I feel like each time a year ends and another begins people start to take stock of everything from health to dreams and goals, putting a perimeter or time on the things we want to accomplish in the coming year. We give ourselves a week, month, or the next 365 days to turn things around and make promises like a politician to the reflection in the mirror. And, at the end of it all, we time it.
“You have a year.
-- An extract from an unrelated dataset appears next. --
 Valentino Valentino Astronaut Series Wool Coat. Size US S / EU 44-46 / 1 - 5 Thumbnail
Don’t screw up”.
I, like nearly everyone else in the world, started thinking about what I want to do in 2015. I made lists, cleaned out some emails, and even reconnected with some people from the past before the clock strikes midnight on January 1. All of it made me feel like I was somehow ahead of the twelve hallow dongs which will place inside my mind when the clock goes from 11:59 to 12:00 am in just over 24 hours from now.
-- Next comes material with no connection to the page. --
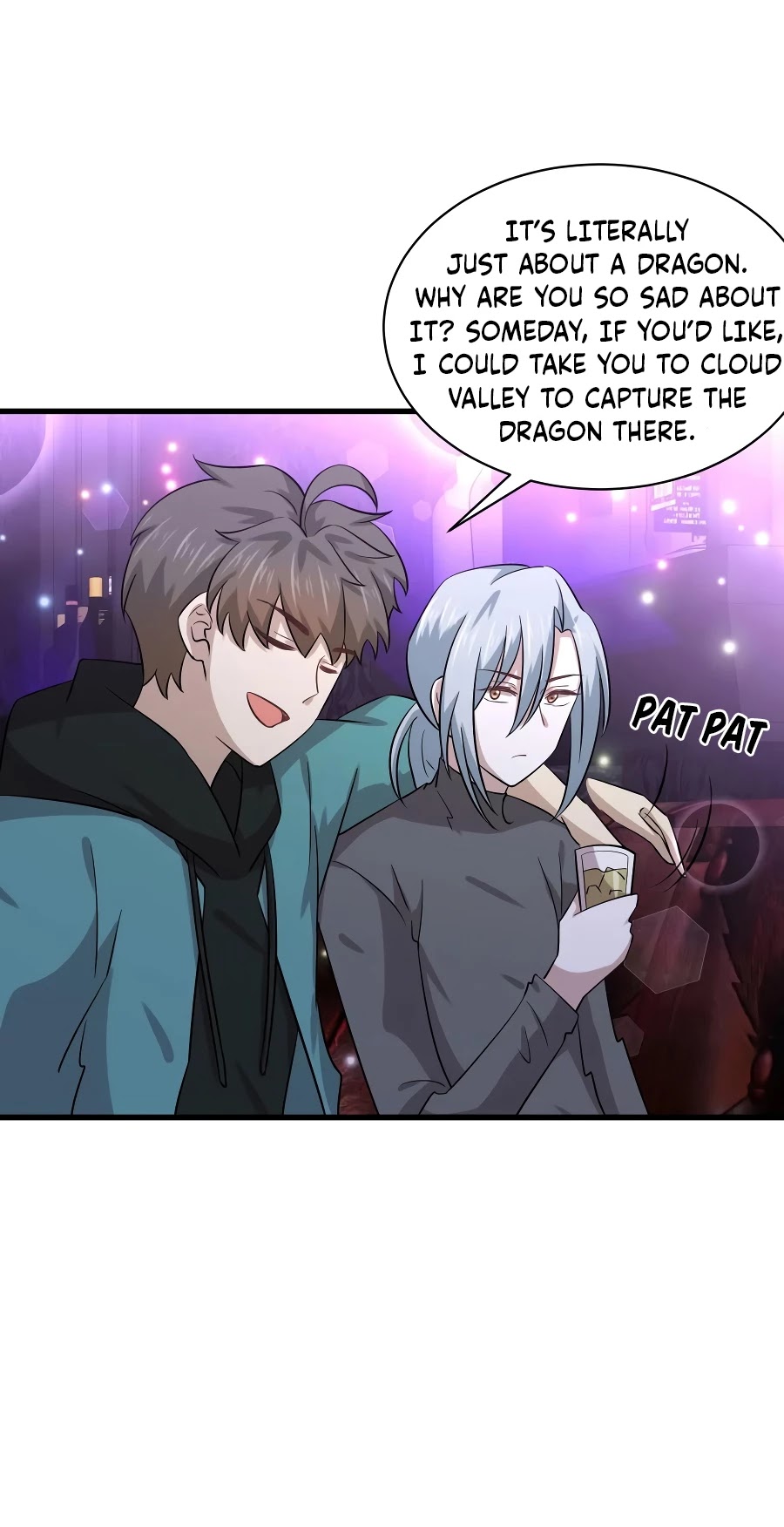 Immortal Swordsman in The Reverse World chapter 134 page 8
“I’m ready for the final countdown”….wait…what?
What the hell am I counting down for in the first place? I’m not boarding that space ship for the Mission to Mars experiment and I haven’t received any dooming news that I have six months left to live, so…why am I counting down again? And then it hit me and it struck me hard. “You idiot! This is why you almost always fail when you make promises to yourself”. Inner Carrie doesn’t mince her words. I realized that the more I put time limits and expectations on my goals, the more prone to failure I become, allowing myself to sink in to the muddy pit of late spring despair. You know, around April when everything you wanted to do by then has fallen by the wayside and you’re standing in line at the DMV on a windy day contemplating why you got out of bed in the first place.
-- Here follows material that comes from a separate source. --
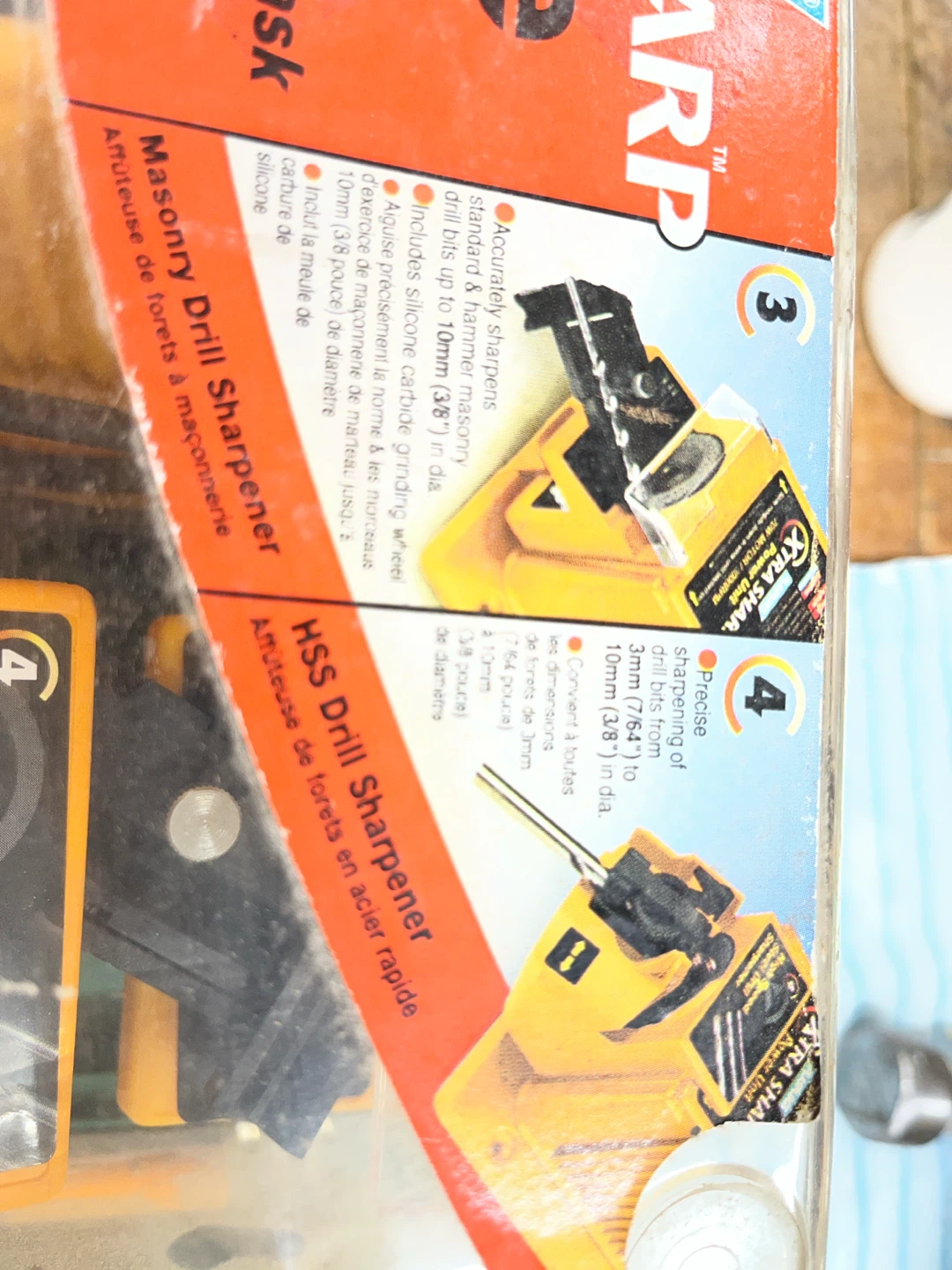 Plasplugs Xtra Sharp 4-in-1 Sharpener System - photo 4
Einstein said that time is an illusion. It is nothing but a man made measurement. Aside from the seasons and sun up to sun down, everything is just…made up. There is a year, January 1 through December 31 which most people on earth abide by, but then there are fiscal years, academic years, performing seasons, blah, blah, blah. Our days are cut up in little chunks of hours, minutes, seconds and there’s before noon, afternoon, evening….wow. I’m exhausted already. We live under these guidelines of a ticking clock and even though it all seems digestible, we still feel like we don’t have enough time. It is always running out. No time to work out. Not enough time spent with someone we love. Never enough time to accomplish tasks at work or at home. There isn’t enough time!! OH MY GOD WE’RE ALL GONNA DIE!
Alright, we’ve faced it and now what do we do with it? Heck if I know! But how long are we going to restrict growth, progress, and even joy with this invisible clock ticking away, eating at our souls because we are running out of something that really isn’t even a truth. And how many times are we going to self sabotage because we’ve lost focus of the journey because the only thing we’re watching is that darn timeline we’ve given ourselves to complete…something.
Of course I have goals for the new year. However, this time (ha) I am not going to divide it all up in deadlines that may or may not be met. I’ve done a lot of work on myself and my number one goal is to continue working on Carrie. Allowing her to experience the most beautiful, open, gracious side of herself and to devour the life she is living and allow her to be at peace with all of the humanity that will inevitably happen in 2015. I cannot live categorized by tabs on a file folder of life all leading to some big, giant…thing in the sky. Nope. It is time to fully enjoy all of the big things and everything happening in between them.
Summed up, I am giving myself time. Time to be.
I wish everyone success in whatever you choose to pursue in the coming year. May it be your goals, dreams, dedications, and passion. May this year be the year of the real you and the real me. May we all walk in confidence and at the end of 2015 say “Damn, that was a good year!”